DOI=10.3389/fphys.2021.741573

ISSN=1664-042X

ABSTRACT=The purposes of our study were to investigate the physiological and biomechanical responses to low-intensity (LI) and high-intensity (HI) roller ski skating on varying terrain and compare these responses between training intensities.
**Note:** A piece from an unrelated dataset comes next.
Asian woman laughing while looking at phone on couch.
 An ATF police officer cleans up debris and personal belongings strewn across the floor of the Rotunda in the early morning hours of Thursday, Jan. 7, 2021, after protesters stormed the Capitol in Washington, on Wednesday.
Nine elite male skiers performed treadmill roller skiing consisting of two 21-min sessions (7x3-min laps) performed at LI and HI with the same set inclines and intensity-dependent speeds (LI/HI:distance: 5.8/7.5 km, average speed: 16.7/21.3 km/h). Physiological and biomechanical variables were measured continuously, and each movement cycle and sub-technique employed was detected and classified with a machine learning model. Both the LI and HI sessions induced large terrain-dependent fluctuations (relative to the maximal levels) in heart rate (HR, 17.7% vs 12.2%-points), oxygen uptake (V ̇O_2, 33.0% vs 31.7%-points), and muscle oxygen saturation in the triceps brachii (23.9% vs 33.4%-points) and vastus lateralis (12.6% vs 24.3%-points). A sub-technique dependency in relative power contribution from poles and skis exhibited a time-dependent shift from lap 1 to lap 7 toward gradually more ski power (6.6% vs 7.8%-points, both p<.01). The terrain-dependent fluctuations did not differ between LI and HI for V ̇O_2 (p=.50), whereas HR fluctuated less (p<.01) and displayed a time-dependent increase from lap 2 to lap 7 (7.8%-points, p>.01) during HI. Oxygen saturation shifted 2.4%-points more for legs than arms from LI to HI (p>.05), and regarding sub-technique, 14.7%-points more G3 on behalf of G2 was employed on the steepest uphill during HI (p<.05). Within all sub-techniques, cycle length increased 2–3 times more than cycle rate from LI to HI in the same terrains, while the corresponding poling time decreased more than ski contact time (all p>.05). In sum, both LI and HI XC skiing on varying terrain induce large terrain-dependent physiological and biomechanical fluctuations, similar to the patterns found during cross-country skiing competitions. The primary differences between training intensities were the time-dependent increase in HR, reduced relative oxygen saturation in the legs compared to the arms, and greater use of G3 on steep uphill terrain during HI training, whereas sub-technique selection, cycle rate, and pole versus ski power distribution were similar across intensities on flat and moderately uphill terrain.